I’ve had a series of conversations over the past several weeks with someone who is very, very close to me. The reason we’ve had to repeat the conversation is because each time we enter into it, it’s like I am speaking Greek, and they are hearing French. Frustrating. Maddening. Infuriating.
Today, I came to them again, and I needed to just say the things that I’d been afraid to say – I hate hurting people’s feelings (I’m empathic: it just hurts me right back). At the onset, I could see defensiveness in every line of their face and body. I called attention to it, and I said, “I can see that you’re defensive right now. We’re just going to talk. I am not angry, and I am going to work very hard not to get angry.” Calling it out like that seemed to help a little bit.

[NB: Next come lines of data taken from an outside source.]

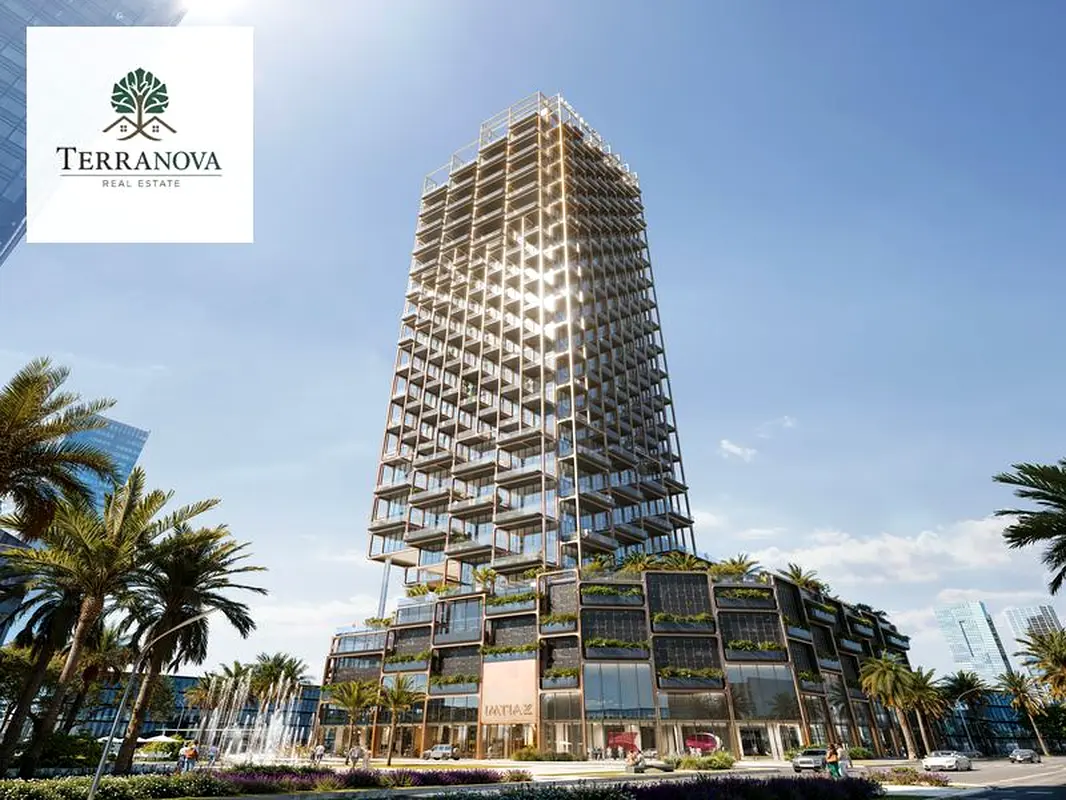 Designing for Wellness in Residential Architecture - Healthy Apartment Residential Design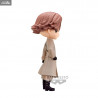 Tokyo Revengers - Takemichi Hanagaki (Plain Clothes) or Seishu Inui figure A or B, Q Posket
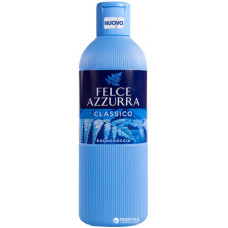 Гель для душу Felce Azzurra Classico 650 мл (8001280068003)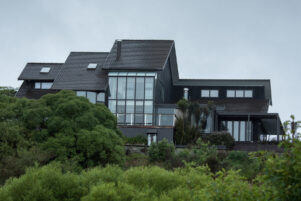 The highest lifestyle block sale in Masterton was 26 Milford Downs, Lansdowne sold for $1.2m in May PHOTOS/JADE CVETKOV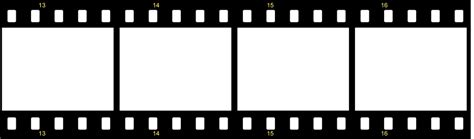 Film Strip Movie · Free image on Pixabay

And I realized something important. I was able to leave emotion outside the door. I was able to be calm and to articulate what I needed to. I was able to honor them and their need to respond in whatever way that they needed to. And, we still did not come to resolution. It seems we are at an impasse. I see green, they see purple – and we’re both looking at the same vista.
It’s frustrating. But a part of me feels very, very clear – a part of me knows that I do need to keep affirming that it is green, because that is my truth, that’s what I see. A part of me knows that if I back down this time, I will betray myself knowingly and without any excuse other than to make the other person comfortable – and this is hard, because I’ve spent the better part of my life attempting to make others comfortable. It’s instinctive.
Part of that realization was that I’m no longer willing to ensure their comfort at the expense of my own. I’m still a big fan of finding the middle ground, and of compromise…I’ve just been able to see the line where bending becomes enabling a little bit more clearly.
So, I’m trying hard not to look at this impasse as something to be gotten through. I’m trying to see it as something that is a part of our lives in the now, and that I should appreciate because it is teaching me some pretty important lessons…even if they are uncomfortable ones.
I’ve been reading Pema Chodron on and off the past few months, and it’s helped. She talks about how we human beings have a very low threshold for discomfort, and that we allow ourselves to follow the impulse to get away from whatever’s causing us that discomfort. This time, I am trying to be IN the discomfort – and I’m trying to use it. I want to see where it will lead me, because I know that this situation cannot remain unresolved, and running away will solve nothing. There is no true escape, only delay.
I don’t want to push things off anymore. I want to follow this rabbit hole to see where it leads. Even if I get a little battered on the way. Wish me luck.